Source material:
----

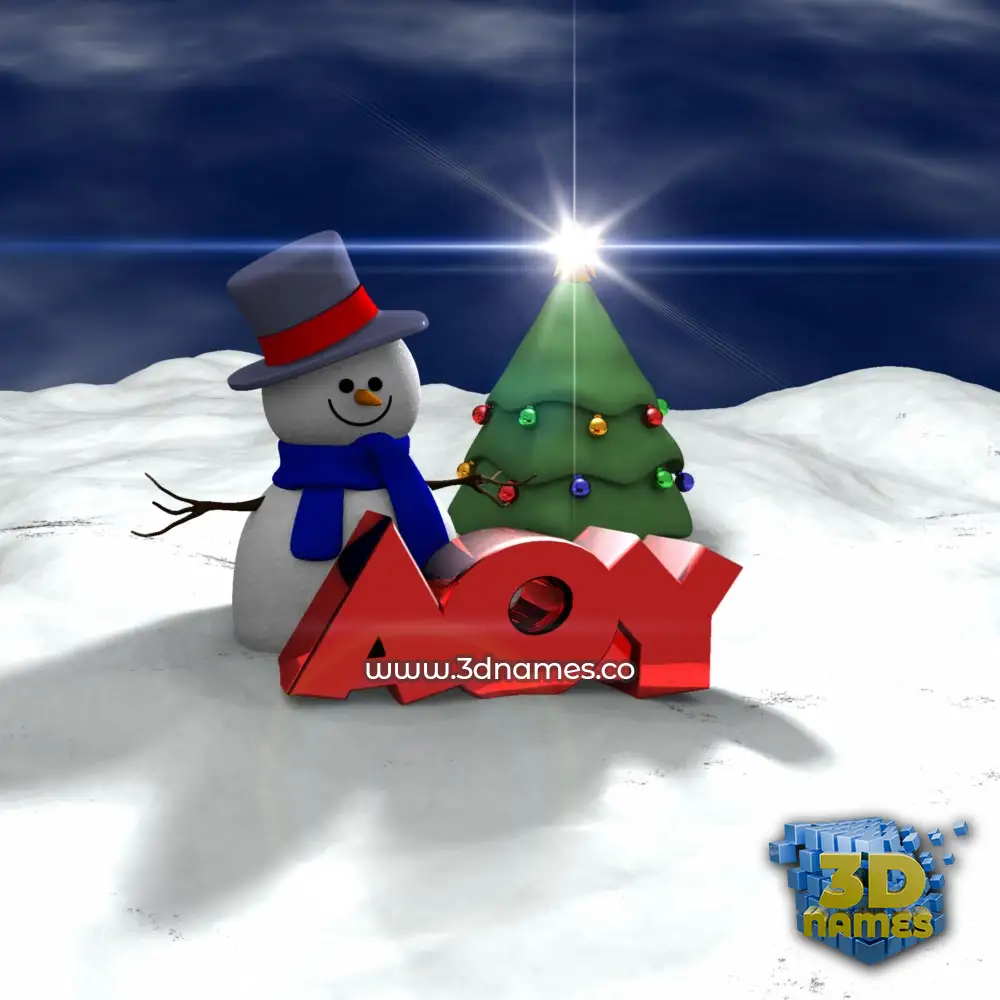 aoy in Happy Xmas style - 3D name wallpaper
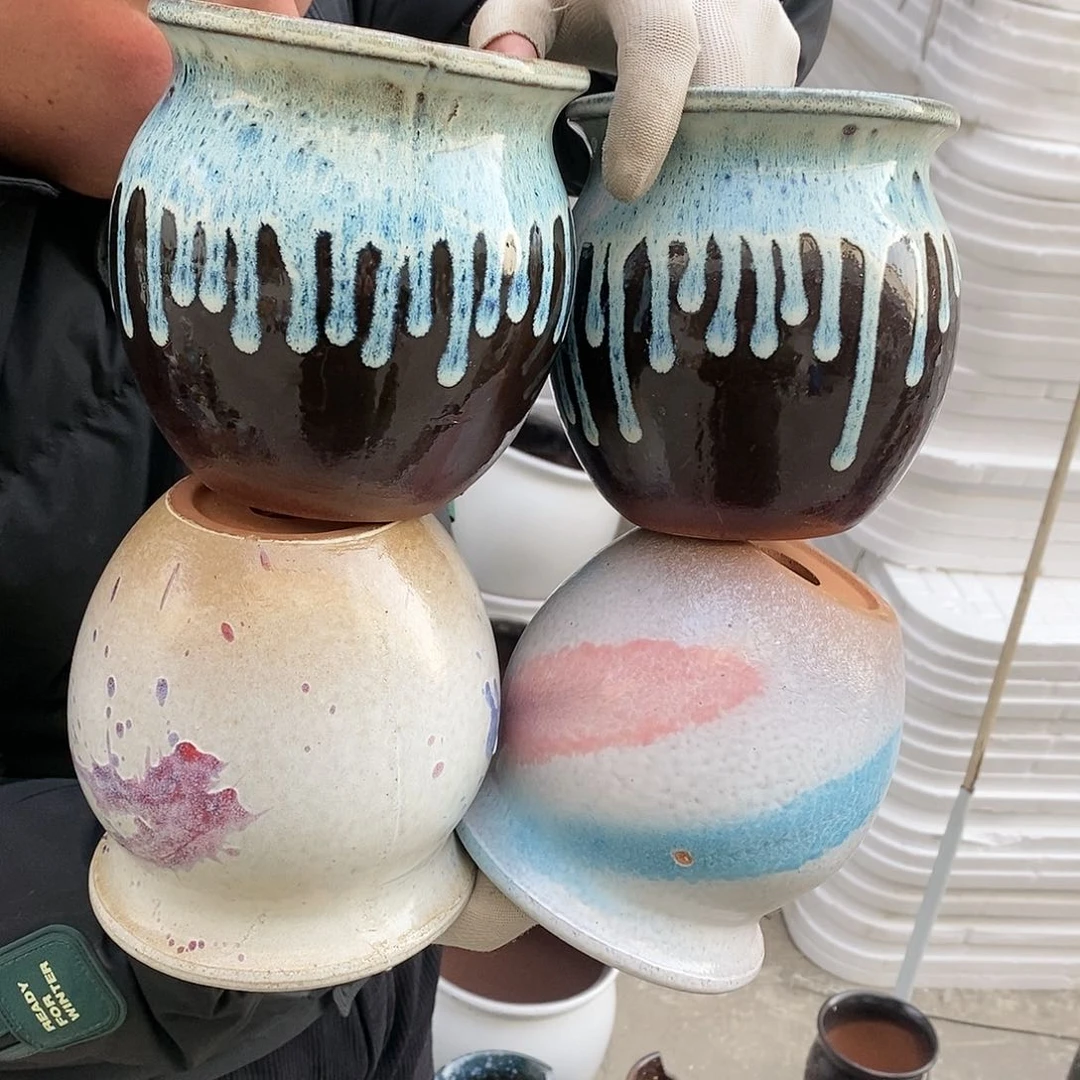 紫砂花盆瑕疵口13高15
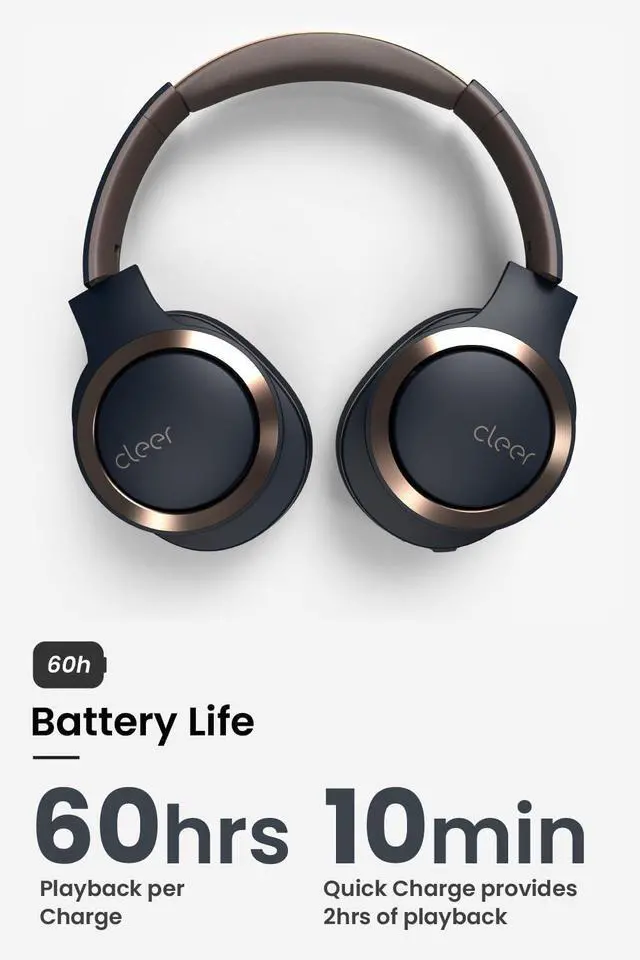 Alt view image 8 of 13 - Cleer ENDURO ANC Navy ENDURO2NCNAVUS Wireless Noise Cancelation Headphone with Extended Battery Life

----

Exercise description: The listing is to be repeated exactly, with its pictures removed.

Result of the exercise:
 aoy in Happy Xmas style - 3D name wallpaper
 紫砂花盆瑕疵口13高15
 Alt view image 8 of 13 - Cleer ENDURO ANC Navy ENDURO2NCNAVUS Wireless Noise Cancelation Headphone with Extended Battery Life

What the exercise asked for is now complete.